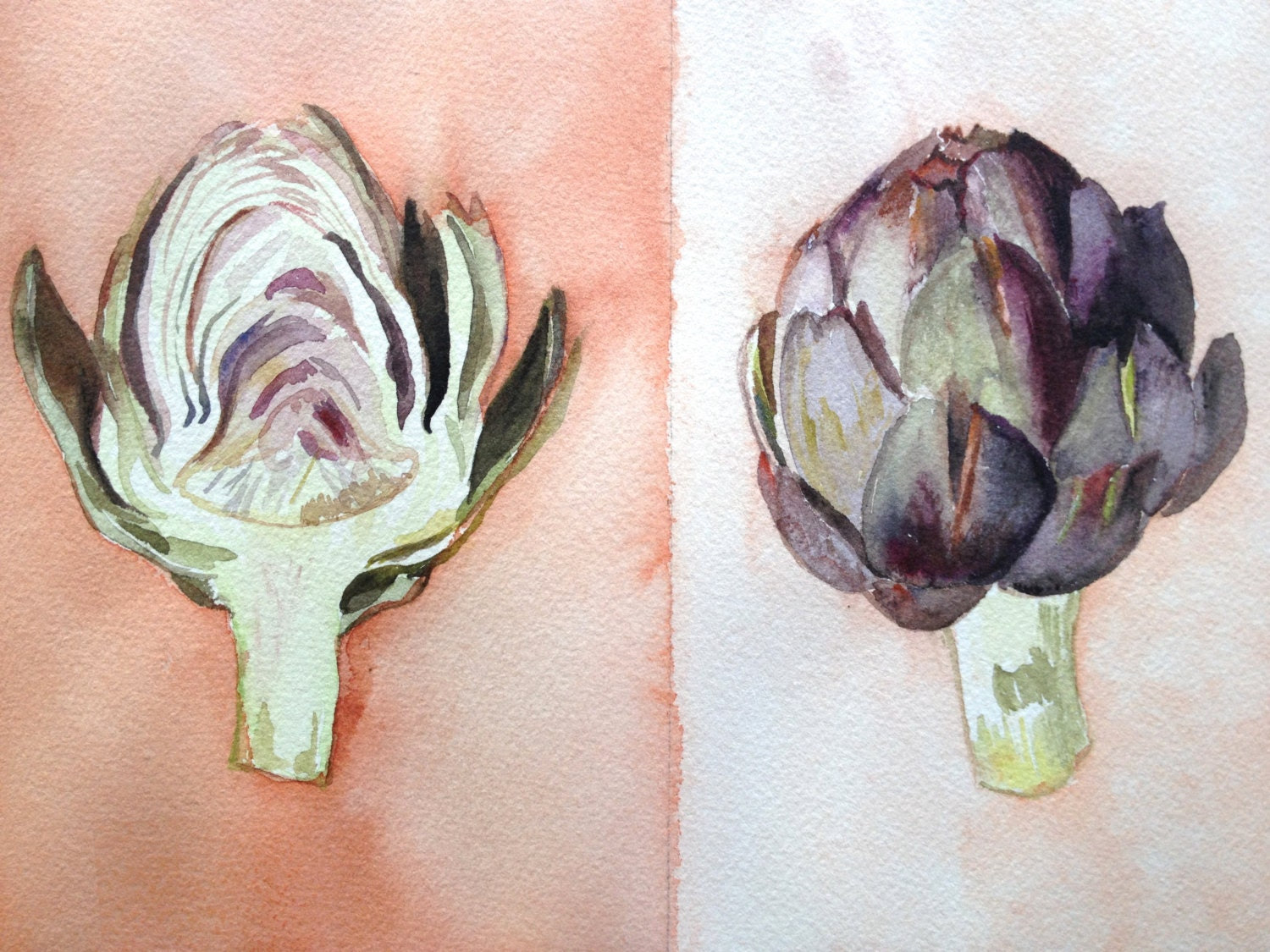 Original 8x10" Watercolor Painting: Artichokes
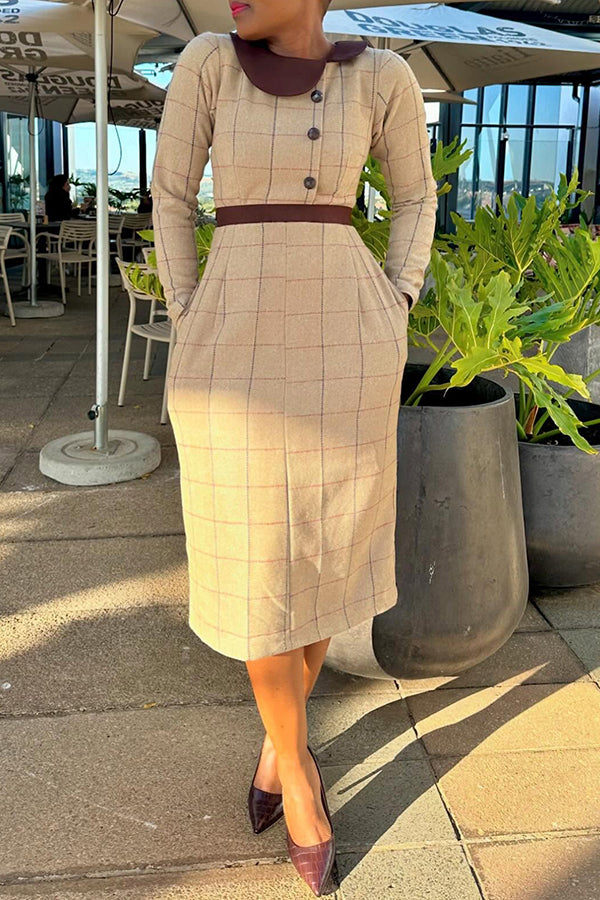 Vintage Plaid Asymmetrical Neck Midi Dress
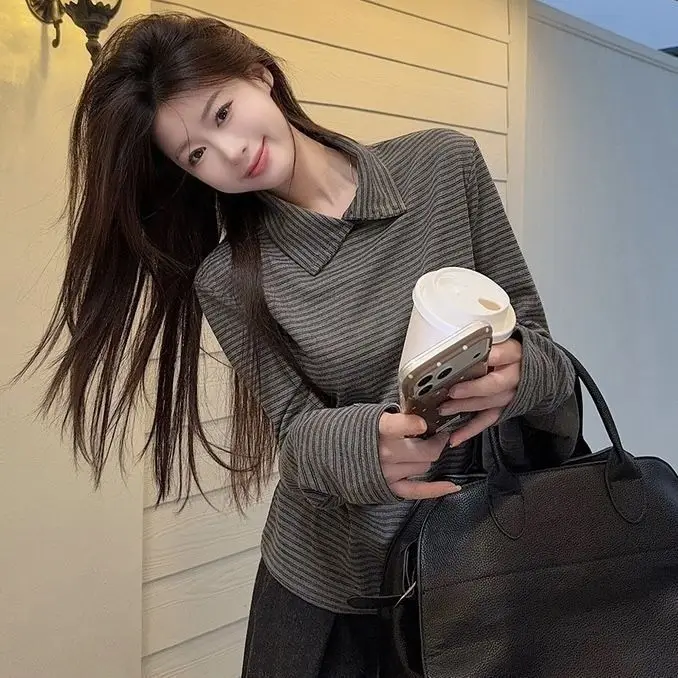 

Термофутболка Slim Fit с длинным рукавом на пуговицах в корейском стиле, в полоску, осенне-зимняя, модная, универсальная, женская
= = =
**WHAT YOU SHOULD DO:**
Output the full listing verbatim; pictures stay out.

**OUTPUT OF THE EXERCISE:**
 Original 8x10" Watercolor Painting: Artichokes
 Vintage Plaid Asymmetrical Neck Midi Dress

Термофутболка Slim Fit с длинным рукавом на пуговицах в корейском стиле, в полоску, осенне-зимняя, модная, универсальная, женская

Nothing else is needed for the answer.